### The data:
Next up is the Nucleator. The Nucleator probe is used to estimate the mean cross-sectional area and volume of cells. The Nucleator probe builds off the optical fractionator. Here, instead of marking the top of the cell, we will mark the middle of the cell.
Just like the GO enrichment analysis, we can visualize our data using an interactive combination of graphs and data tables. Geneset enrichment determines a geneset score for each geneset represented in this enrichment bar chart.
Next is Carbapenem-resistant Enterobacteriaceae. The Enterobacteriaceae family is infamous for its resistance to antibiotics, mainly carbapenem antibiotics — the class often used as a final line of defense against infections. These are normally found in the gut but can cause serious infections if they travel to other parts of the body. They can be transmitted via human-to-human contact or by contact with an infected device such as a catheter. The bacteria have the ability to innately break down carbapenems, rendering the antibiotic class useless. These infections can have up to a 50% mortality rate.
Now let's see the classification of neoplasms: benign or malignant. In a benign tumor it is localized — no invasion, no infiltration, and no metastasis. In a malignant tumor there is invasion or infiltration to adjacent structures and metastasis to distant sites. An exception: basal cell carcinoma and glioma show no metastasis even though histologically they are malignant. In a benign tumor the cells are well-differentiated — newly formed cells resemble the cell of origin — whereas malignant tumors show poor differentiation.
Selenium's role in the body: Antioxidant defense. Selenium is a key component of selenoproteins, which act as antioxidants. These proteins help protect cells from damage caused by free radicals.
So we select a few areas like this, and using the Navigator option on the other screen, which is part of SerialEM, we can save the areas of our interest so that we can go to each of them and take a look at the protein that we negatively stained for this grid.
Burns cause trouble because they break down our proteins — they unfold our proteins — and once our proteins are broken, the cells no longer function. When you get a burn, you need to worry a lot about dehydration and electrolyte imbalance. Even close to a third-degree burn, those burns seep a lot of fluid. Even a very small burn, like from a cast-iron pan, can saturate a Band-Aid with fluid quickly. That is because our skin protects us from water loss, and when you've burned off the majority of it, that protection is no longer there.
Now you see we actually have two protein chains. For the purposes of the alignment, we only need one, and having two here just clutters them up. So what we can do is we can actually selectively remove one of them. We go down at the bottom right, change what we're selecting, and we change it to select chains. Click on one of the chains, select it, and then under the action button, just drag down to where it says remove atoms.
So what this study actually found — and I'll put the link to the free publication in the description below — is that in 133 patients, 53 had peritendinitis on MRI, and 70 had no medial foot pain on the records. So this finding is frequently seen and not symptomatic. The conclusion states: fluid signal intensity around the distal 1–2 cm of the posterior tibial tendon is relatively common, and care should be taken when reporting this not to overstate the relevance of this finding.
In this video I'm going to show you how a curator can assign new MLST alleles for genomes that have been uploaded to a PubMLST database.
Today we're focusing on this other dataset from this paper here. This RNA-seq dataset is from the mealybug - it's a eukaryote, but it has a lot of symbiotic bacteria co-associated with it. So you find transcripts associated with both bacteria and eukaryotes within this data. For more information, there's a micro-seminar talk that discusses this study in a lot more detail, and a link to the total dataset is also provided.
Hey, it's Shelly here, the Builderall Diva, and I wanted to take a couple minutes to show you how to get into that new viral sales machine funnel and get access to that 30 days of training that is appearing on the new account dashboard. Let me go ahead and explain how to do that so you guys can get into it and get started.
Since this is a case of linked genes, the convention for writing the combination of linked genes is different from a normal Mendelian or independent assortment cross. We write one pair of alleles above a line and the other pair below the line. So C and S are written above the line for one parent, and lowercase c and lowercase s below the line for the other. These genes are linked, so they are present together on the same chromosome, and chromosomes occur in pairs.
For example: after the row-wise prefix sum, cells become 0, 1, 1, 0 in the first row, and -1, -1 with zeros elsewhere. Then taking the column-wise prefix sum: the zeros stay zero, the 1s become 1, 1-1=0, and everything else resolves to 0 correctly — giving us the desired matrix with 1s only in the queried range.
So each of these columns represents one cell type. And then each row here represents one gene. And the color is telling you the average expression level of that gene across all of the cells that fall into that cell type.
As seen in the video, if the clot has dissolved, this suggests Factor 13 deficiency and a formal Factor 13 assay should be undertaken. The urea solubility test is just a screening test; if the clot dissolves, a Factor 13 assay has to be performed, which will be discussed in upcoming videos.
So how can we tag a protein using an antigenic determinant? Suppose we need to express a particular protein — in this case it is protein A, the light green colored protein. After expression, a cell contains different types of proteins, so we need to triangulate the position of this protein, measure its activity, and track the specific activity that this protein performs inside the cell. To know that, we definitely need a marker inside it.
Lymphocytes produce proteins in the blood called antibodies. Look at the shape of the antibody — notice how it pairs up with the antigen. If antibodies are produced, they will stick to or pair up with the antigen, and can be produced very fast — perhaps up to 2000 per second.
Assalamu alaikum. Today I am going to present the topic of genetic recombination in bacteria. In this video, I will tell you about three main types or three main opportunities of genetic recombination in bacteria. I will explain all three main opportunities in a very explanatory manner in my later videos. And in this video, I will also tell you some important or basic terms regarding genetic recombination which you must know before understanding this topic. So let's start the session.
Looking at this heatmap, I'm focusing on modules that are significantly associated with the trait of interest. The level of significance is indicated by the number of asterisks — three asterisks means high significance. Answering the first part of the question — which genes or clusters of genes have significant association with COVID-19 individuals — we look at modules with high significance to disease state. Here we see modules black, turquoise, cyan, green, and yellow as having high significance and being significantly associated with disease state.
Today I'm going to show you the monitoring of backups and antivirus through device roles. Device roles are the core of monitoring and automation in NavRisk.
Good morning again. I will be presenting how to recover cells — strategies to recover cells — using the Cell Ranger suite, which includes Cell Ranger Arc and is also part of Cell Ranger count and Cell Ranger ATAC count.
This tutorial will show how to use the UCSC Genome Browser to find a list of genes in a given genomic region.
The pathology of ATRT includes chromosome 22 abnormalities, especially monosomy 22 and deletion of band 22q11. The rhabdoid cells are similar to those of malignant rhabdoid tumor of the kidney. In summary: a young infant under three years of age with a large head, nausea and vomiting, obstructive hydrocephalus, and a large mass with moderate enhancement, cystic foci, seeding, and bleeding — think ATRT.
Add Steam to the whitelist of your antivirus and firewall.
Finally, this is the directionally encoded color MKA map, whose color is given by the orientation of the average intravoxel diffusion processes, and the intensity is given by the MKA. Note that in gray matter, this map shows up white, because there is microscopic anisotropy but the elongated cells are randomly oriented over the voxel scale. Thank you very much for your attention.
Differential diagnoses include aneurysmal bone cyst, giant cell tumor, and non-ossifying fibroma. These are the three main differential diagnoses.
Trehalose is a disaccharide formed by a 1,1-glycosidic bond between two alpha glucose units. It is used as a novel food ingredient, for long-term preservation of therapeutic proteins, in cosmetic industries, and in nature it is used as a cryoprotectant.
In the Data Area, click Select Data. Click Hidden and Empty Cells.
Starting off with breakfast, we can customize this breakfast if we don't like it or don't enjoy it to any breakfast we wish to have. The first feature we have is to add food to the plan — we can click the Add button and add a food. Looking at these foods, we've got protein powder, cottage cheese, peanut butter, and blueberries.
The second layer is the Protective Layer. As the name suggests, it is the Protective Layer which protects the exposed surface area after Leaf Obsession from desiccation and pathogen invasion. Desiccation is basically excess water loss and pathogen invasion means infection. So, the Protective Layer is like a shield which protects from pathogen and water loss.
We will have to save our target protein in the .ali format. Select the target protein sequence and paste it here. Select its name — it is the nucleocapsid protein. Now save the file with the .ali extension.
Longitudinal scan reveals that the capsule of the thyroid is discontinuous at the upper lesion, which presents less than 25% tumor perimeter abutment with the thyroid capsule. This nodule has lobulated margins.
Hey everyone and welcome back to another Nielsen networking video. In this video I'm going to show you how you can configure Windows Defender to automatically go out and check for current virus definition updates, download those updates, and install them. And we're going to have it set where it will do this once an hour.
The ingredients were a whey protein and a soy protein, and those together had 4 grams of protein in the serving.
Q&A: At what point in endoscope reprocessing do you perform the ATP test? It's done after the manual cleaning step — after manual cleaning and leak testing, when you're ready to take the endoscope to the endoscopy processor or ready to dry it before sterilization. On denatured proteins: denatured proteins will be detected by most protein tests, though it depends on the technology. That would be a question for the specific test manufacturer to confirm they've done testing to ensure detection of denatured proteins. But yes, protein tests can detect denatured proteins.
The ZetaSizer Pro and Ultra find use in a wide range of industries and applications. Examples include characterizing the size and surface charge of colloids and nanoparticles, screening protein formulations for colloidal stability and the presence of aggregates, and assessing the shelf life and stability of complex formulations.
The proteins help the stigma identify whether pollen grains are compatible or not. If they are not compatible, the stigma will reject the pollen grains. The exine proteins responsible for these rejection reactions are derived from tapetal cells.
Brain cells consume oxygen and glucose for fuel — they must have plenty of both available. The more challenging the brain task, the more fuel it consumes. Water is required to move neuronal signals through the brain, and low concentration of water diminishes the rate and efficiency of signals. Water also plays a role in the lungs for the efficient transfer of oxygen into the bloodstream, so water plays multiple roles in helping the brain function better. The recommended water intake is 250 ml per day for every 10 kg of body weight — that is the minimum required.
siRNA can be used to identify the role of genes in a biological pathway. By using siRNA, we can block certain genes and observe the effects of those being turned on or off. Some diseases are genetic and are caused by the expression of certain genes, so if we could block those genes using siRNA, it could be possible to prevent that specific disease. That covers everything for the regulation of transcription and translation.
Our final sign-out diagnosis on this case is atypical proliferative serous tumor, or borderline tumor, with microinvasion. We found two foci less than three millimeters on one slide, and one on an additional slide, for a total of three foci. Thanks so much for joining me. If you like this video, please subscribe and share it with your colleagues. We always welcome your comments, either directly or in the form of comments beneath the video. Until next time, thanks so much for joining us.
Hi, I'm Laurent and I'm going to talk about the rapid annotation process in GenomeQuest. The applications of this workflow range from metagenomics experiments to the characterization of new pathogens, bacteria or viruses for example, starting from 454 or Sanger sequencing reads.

### Exercise requirements:
Print, please, the lines above from the very first through the one that holds "Next is Carbapenem-resistant", both included, word for word and with nothing else.

### Worked solution:
Next up is the Nucleator. The Nucleator probe is used to estimate the mean cross-sectional area and volume of cells. The Nucleator probe builds off the optical fractionator. Here, instead of marking the top of the cell, we will mark the middle of the cell.
Just like the GO enrichment analysis, we can visualize our data using an interactive combination of graphs and data tables. Geneset enrichment determines a geneset score for each geneset represented in this enrichment bar chart.
Next is Carbapenem-resistant Enterobacteriaceae. The Enterobacteriaceae family is infamous for its resistance to antibiotics, mainly carbapenem antibiotics — the class often used as a final line of defense against infections. These are normally found in the gut but can cause serious infections if they travel to other parts of the body. They can be transmitted via human-to-human contact or by contact with an infected device such as a catheter. The bacteria have the ability to innately break down carbapenems, rendering the antibiotic class useless. These infections can have up to a 50% mortality rate.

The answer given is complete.